30 Mart 2010 Salı

Başka Dilde Aşk / Bu aşkın dili sahiden başka...

Türkiye’de son dönemde gördüğümüz en yetenekli oyunculardan olduklarına inandığım Öner Erkan ve Onur Ünsal’ı bu denli popüler olmadan önce deyim yerindeyse ‘görmüş’ ve ‘beğenmiştim’ ama görünen o ki Mert Fırat’ı gözden fena kaçırmışım. Başka Dilde Aşk’ı izlemeden önce film ve özellikle Mert Fırat hakkında yapılan onca olumlu yorum bende klişe olarak ‘anormali’ oynayan kişinin yeteneğinin abartıldığı düşüncesini uyandırmıştı önce. (bkz: özürlüyü, hastayı, psikopatı oynayıp Oscar’ı kapanlar) Ama filmi izlediğimde farkına vardım ki bu apaçık bir önyargıymış.

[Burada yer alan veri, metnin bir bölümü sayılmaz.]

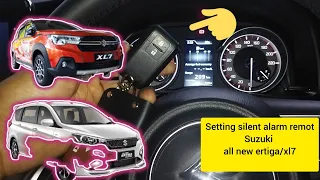 suzuki all new ertiga xl7 cara setting reset kunci alarm silent remot alarm 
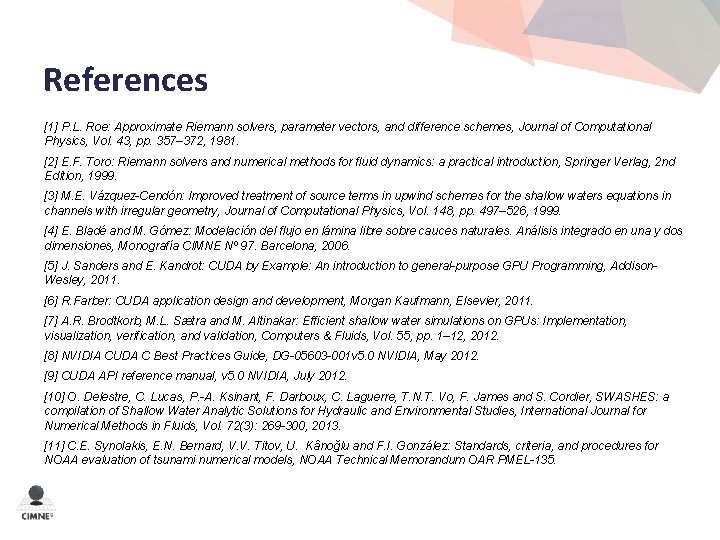 References [1] P. L. Roe: Approximate Riemann solvers, parameter vectors, and difference schemes, Journal
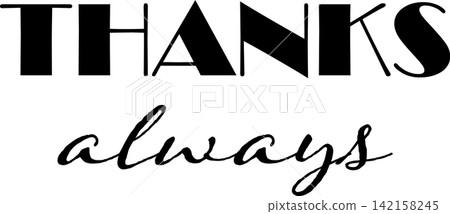 THANKS always - The THANKS always logo expresses gratitude. THANKS always - The THANKS always logo expresses gratitude. 142158245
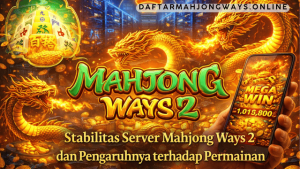 stabilitas server Mahjong Ways 2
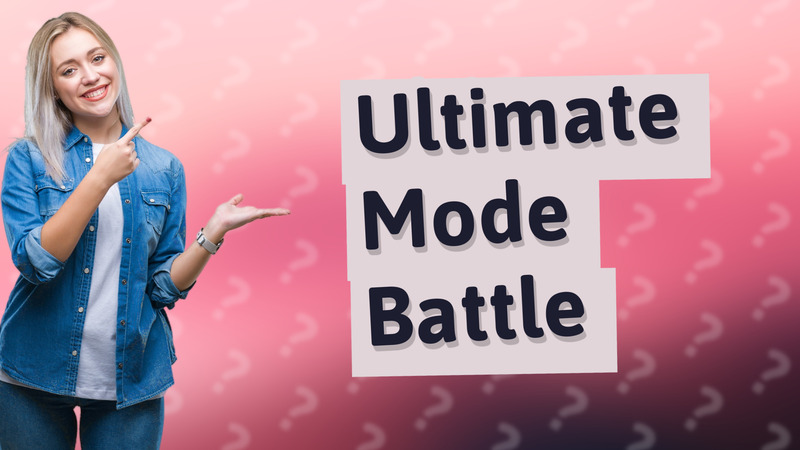 Ultimate Mode Battle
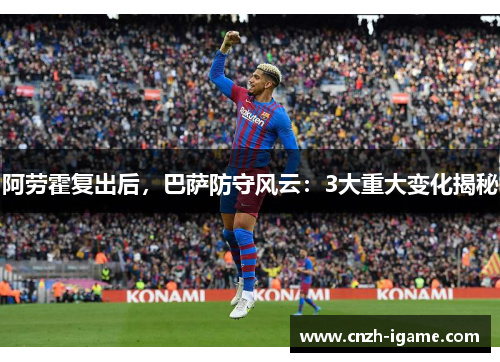 阿劳霍复出后，巴萨防守风云：3大重大变化揭秘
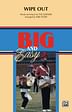 Wipe Out: Main Theme (Percussion Section Feature) (As Recorded by The Surfaris)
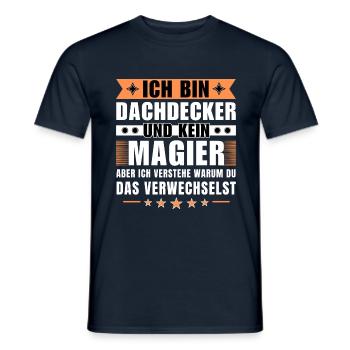 Ich bin Dachdecker und kein Magier - Männer T-Shirt - Navy - Vorne - AI Model Male 178 light (178cm)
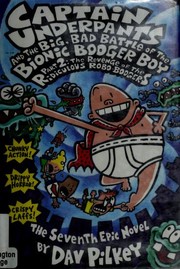 Front cover of Captain Underpants and the Big, Bad Battle of the Bionic Booger Boy, part 2 by Dav Pilkey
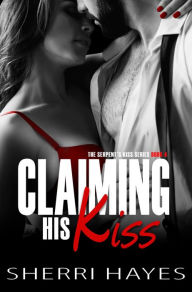 Title: Claiming His Kiss: A Friends To Lovers Age Gap Romance, Author: Sherri Hayes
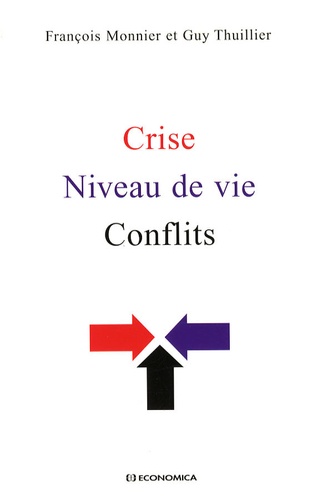François Monnier et Guy Thuillier - Crise, niveau de vie, conflits.
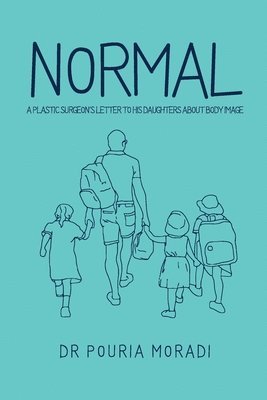 bokomslag Normal: A plastic surgeon's letter to his daughters about body image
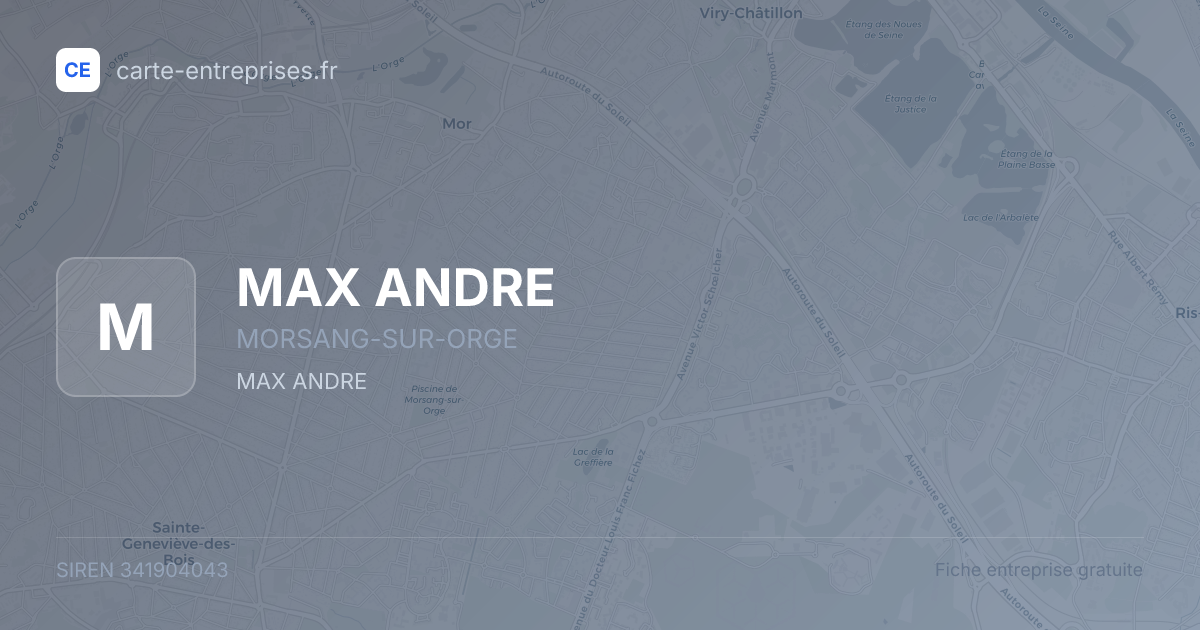MAX ANDRE — 341904043 — fiche entreprise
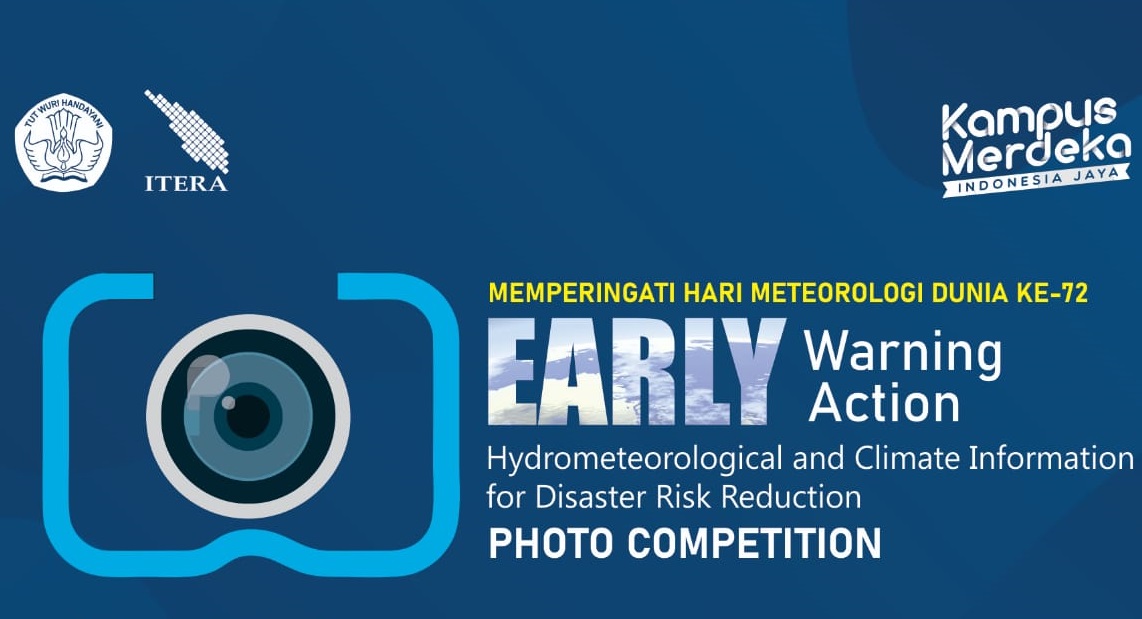 Peringati Hari Meteorologi Dunia UPT MKG ITERA Gelar Lomba Foto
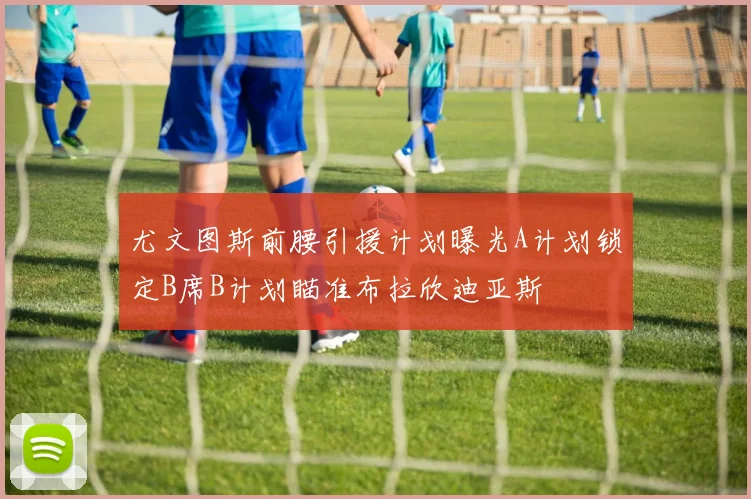 尤文图斯前腰引援计划曝光A计划锁定B席B计划瞄准布拉欣迪亚斯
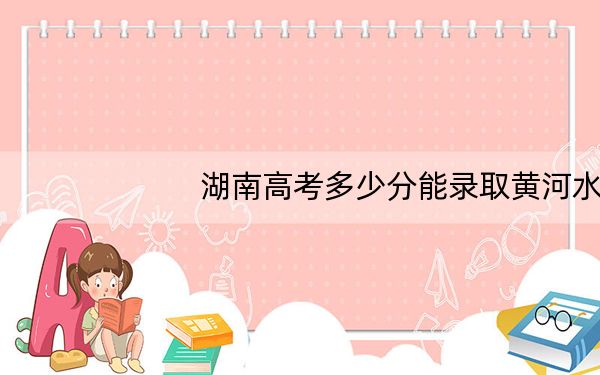 湖南高考多少分能录取黄河水利职业技术学院?附2022-2024年最低录取分数线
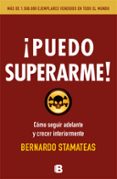 PUEDO SUPERARME!: COMO SEGUIR ADELANTE Y CRECER INTERIORMENTE de STAMATEAS, BERNARDO 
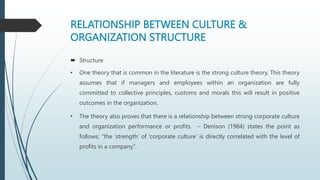 RELATIONSHIP BETWEEN CULTURE &
ORGANIZATION STRUCTURE
 Structure
• One theory that is common in the literature is the strong culture theory. This theory
assumes that if managers and employees within an organization are fully
committed to collective principles, customs and morals this will result in positive
outcomes in the organization.
• The theory also proves that there is a relationship between strong corporate culture
and organization performance or profits. – Denison (1984) states the point as
follows; “the ‘strength’ of ‘corporate culture’ is directly correlated with the level of
profits in a company”.
 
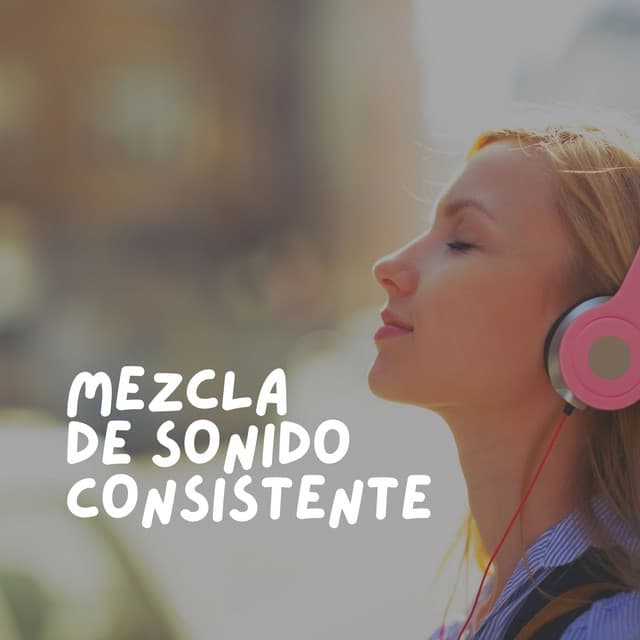 Mezcla de Sonido Consistente - Sonidos de ruido blanco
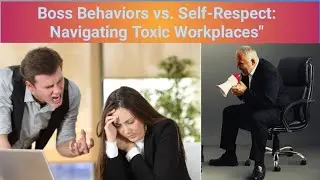 Boss Behaviors vs. Self-Respect: Navigating Toxic Workplaces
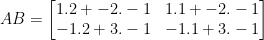 AB = \begin {bmatrix}1.2 + -2.-1 & 1.1 + -2.-1 \\ -1.2+3.-1 & -1.1+3.-1 \end {bmatrix}
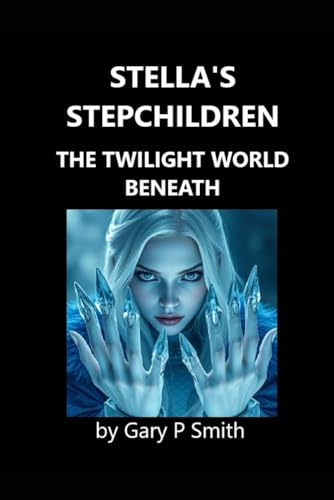 Stella's Stepchildren - The Twilight World Beneath (Stella X, Band 75) von Independently published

Mert Fırat tüm filmde o kadar ‘Onur’du ki; kendisini tanımayanların onu gerçekten sağır ve dilsiz sanması boşuna değil. Saadet Işıl Aksoy’sa gerçekten doğaldı (aman doğal oyunculuğu Melis Birkan’la aynı kefeye konmasın ama ne olur). Ki Lale Mansur, Emre Karayel, Ayten Uncuoğlu gibi oyuncuların yanında sırıtmamayı başarmak bile çok önemli değil mi zaten? İzlediğim şey bir yönetmenin ilk filmi için oldukça ‘umut vericiydi’. Üstelik bunun senaryosunda başrol oyuncusunun tuzunun olduğunu bilmek filmle ilgili olumlu düşünceleri daha da arttırdı. Hataları, gereksiz diyalogları, havada kalan soruları da vardı mutlaka ama hiçbiri haddini aşmıyor, tadını kaçırmıyordu.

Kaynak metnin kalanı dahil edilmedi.